Version 3.40 | June 22, 2025

You can now export the full Global API Inventory as a CSV file directly from the UI. The export respects your applied filters and sorting, includes all data across pages, and breaks down risk levels by severity. This makes it easier to share, audit, and analyze API risk data across teams. CSV files are downloaded automatically with a single click.

For images that have multiple source code repos associated with them, we now match the image to the main source code project and also show all private packages used by that image. The private package data is shown in the Attack Path visualization as well as in a tooltip in the Inventory table.

In addition to identifying the private packages used by the image, when possible, we also match those packages with Checkmarx One projects of the same name, enabling us to show vulnerability info for those packages.

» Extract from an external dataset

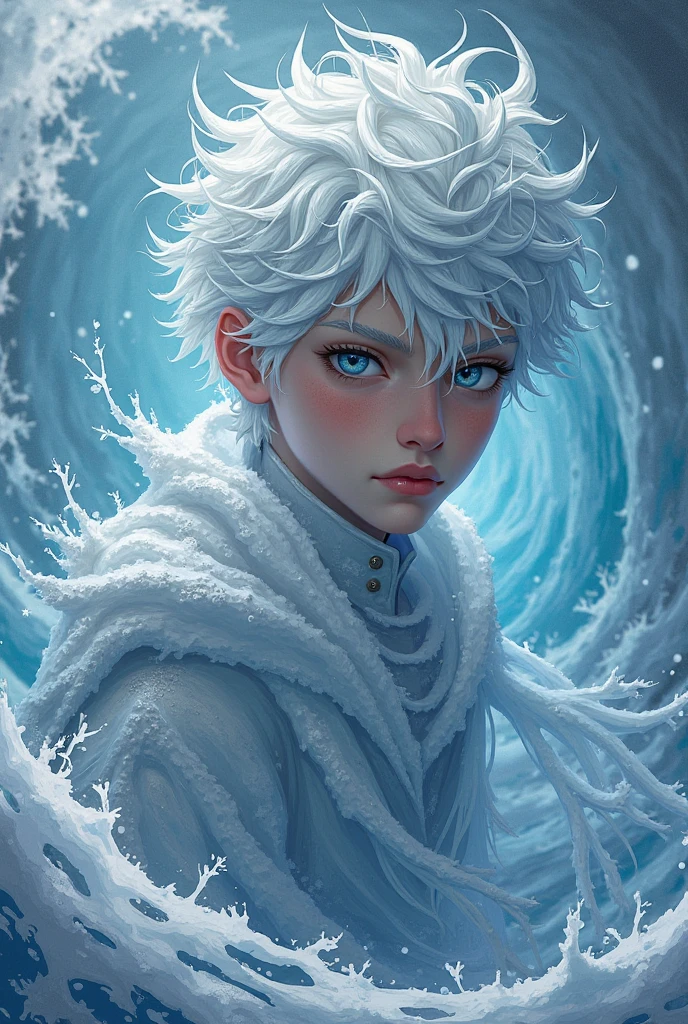 ice boy character in the style of wuthering wave. white hairs and ice cold eyes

Cloud Insights now allows Checkmarx One admins to configure enrichment settings directly in the UI. Admins can control whether to push SAST or DAST results to Wiz, define the label for extracting repo URLs, and customize blacklist terms to fine-tune the matching algorithm.

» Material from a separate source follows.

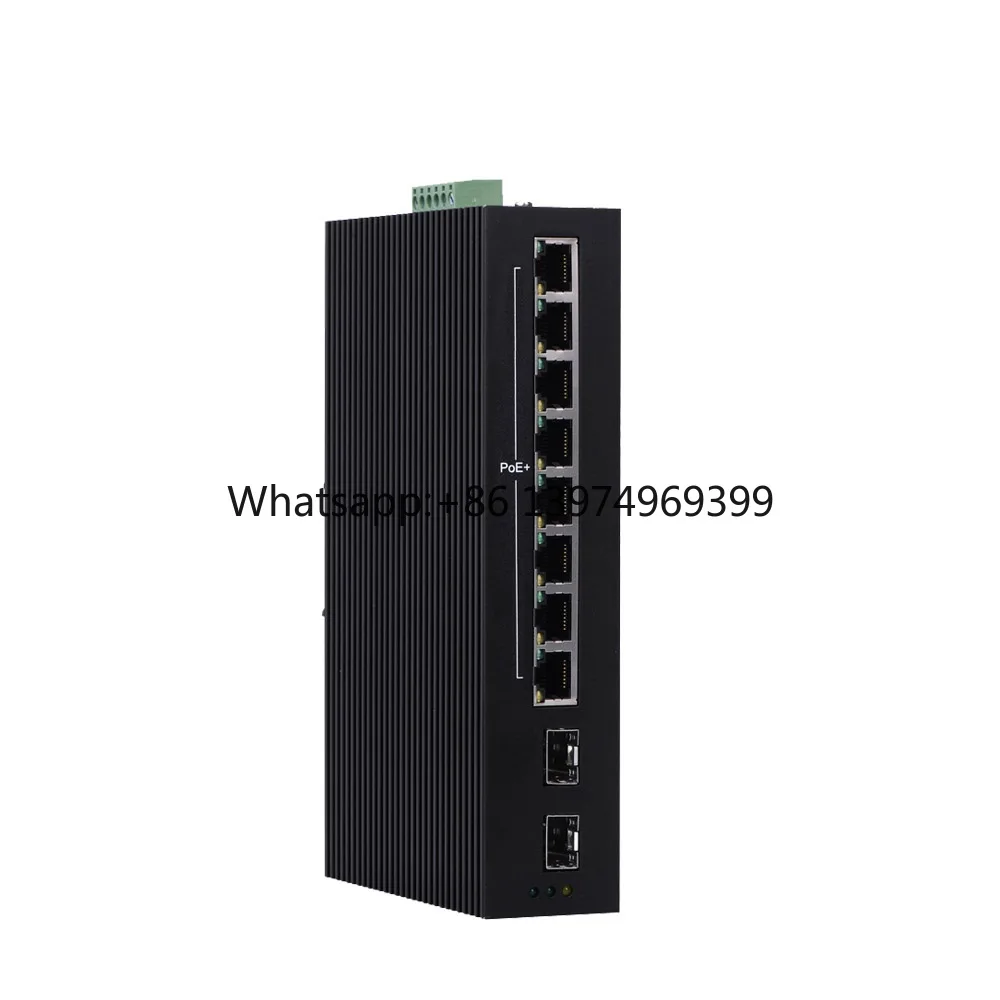 Din Rail Dual Power 48VDC 10 Port Full Gigabit 1000M Industrial Ethernet Switch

This enables greater flexibility for implementing the enrichment.

The GET /results API response now includes a new field: alternateId. This field provides a unique identifier for each result and is currently supported for the following scanners: IaC, SAST, SCA, SSCS Secret Detection, and SSCS Scorecard.

Customers using CxLink can now connect to their SCMs through a secure tunnel instead of relying on direct SCM URLs. This enhancement enables seamless integration in restricted or secured network environments where direct access is blocked, simplifying setup and eliminating the need for firewall or network changes.

Checkmarx One automatically detects when CxLink is in use and routes traffic through the tunnel, ensuring secure and flexible SCM connectivity.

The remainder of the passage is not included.